When was my last backup / CheckDB / index maintenance?

Keep a good eye on your backup and maintenance; they’re kind of important to the health and well-being of your job wait I mean SQL Server instances.

So how do we go about this? Well, there’s the easiest way – you knew I’d be mentioning Minion Enterprise, right? – and then there’s the hard way.

The easiest way

If you have Minion Enterprise, it will tell you if any database is behind on its backups, integrity checks, or index maintenance.

You get an alert. The end.

Bonus: The alert emails contain code to defer alerts or make exceptions for particular databases or instances!

If you want to spot check any of these, you can query all of your databases at once for backup and CheckDB, on all instances:

SELECT ServerName
 , DBName
 , LastBackup
 , LastLogBackup
 , LastDiffBackup
 , LastCheckDB
FROM Collector.DBPropertiesCurrent
ORDER BY ServerName, DBName;

What’s more, if you’re using Minion Reindex integrated with ME, you can query the log tables Collector.IndexMaintLog and Collector.IndexMaintLogDetails centrally, too!

The hard way

For those of you who have not yet acquired what you need for the easy way, I’m afraid you’ll need to check your instances server-by-agonizing-server.  Which makes this not so much the hard way, as it does the time consuming way

Query: latest backup

To get the latest backup date for all databases, consult MSDB.

USE msdb;
GO
SELECT d.name as database_name, 
	MAX(s.backup_start_date) as last_backup_start_date, 
	s.[type]
FROM sys.databases d
LEFT OUTER JOIN dbo.backupset s ON s.database_name = d.name
INNER JOIN dbo.backupmediafamily as m ON m.media_set_id = s.media_set_id 
	AND s.[type] ='D' -- Full backups! Log, check type='L'
GROUP BY d.name, s.[type]
ORDER BY last_backup_start_date;

We’re joining sys.databases to make sure we don’t miss any DB that doesn’t have an entry in dbo.backupmediafamily at all…that is, any database that’s never had a backup (or hasn’t had one in living memory).

Query: latest CheckDB

If you’re running a CheckDB routine, like Minion CheckDB, you can certainly look at the log for the routine and find the last run.

But if you’re not using a routine that has logging, or you haven’t run any integrity checks in a while, well…this one is even more fun.

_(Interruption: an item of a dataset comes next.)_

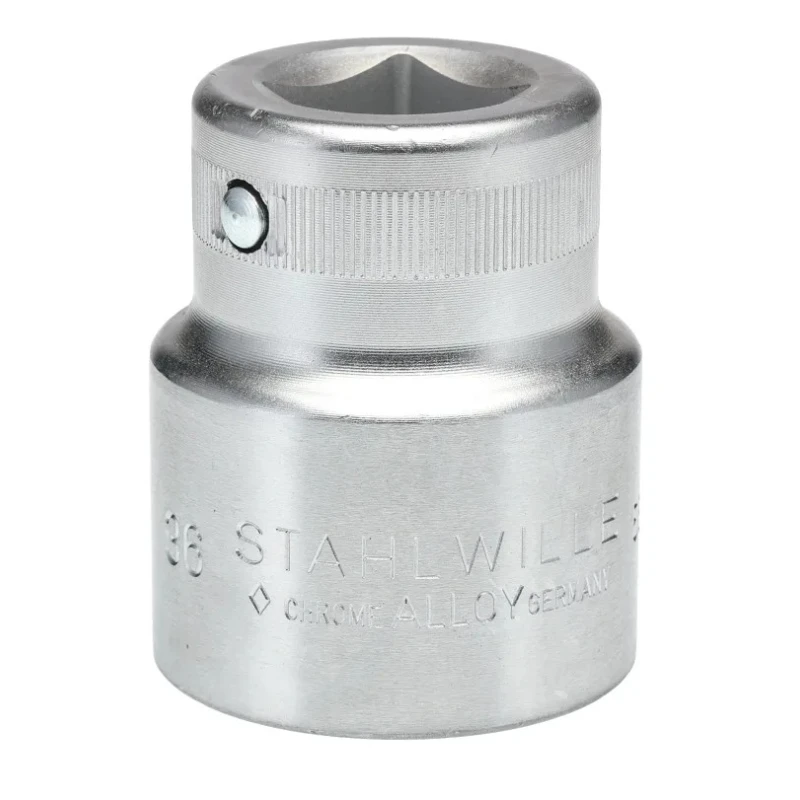 STAHLWILLE 36 mm 6 Point Square Drive Socket 3/4 in Drive, Chrome Finish, 60mm Overall Length 05010036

Instead of ripping someone’s script off of their site, I’ll point you straight toward Jason Brimhall’s blog Last Time CheckDB Was Run. His script uses the undocumented DBCC PAGE to pull the last CheckDB run out of SQL Server innards.

Short of operation logs, I don’t know of a better way to get this information from SQL.

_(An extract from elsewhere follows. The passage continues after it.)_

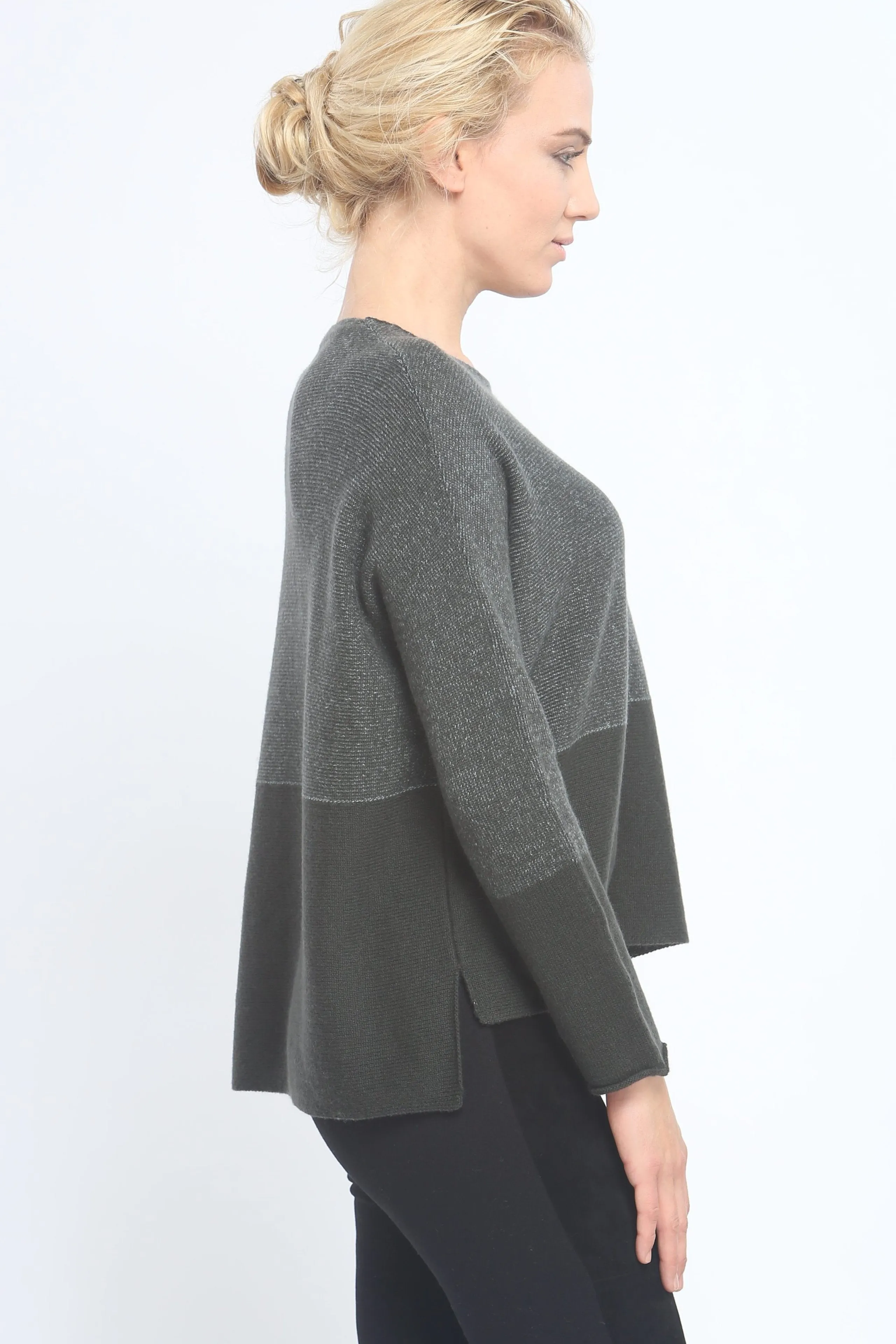 Two-Tone Color Block Crewneck in Cashmere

Query: latest index maintenance

Again, if you’re running a good routine (coff coff MR coff), you’ve got logs! If not, ugh.

You can make a kind-of-guess by looking at statistics update dates, but since the point of index maint is, well, maintaining indexes, we’re better off finding out how fragmented indexes are.

This is where “the hard way” becomes really time consuming, because this query is no sprinter.

USE [My_Database];
DECLARE @dbid TINYINT

SELECT @dbid = DB_ID('My_Database')

SELECT OBJECT_NAME(object_id) [IndexName],* 
FROM sys.dm_db_index_physical_stats (@dbid, NULL, NULL,NULL, NULL) 
ORDER BY page_count desc, avg_fragmentation_in_percent DESC;

This query will pull back all the indexes for one single database  – My_Database – ordered by the average fragmentation in percent. (If you’re not familiar with sys.dm_db_index_physical_stats,  take a look at the documentation.)

With some fiddling, we could make this query return the fragmentation info for every database on an instance…but it would take FOR FREAKING EVER.

Conclusion

Minion Enterprise is definitely the easiest way to manage your SQL Server instances, but use these methods while you’re getting ready to install!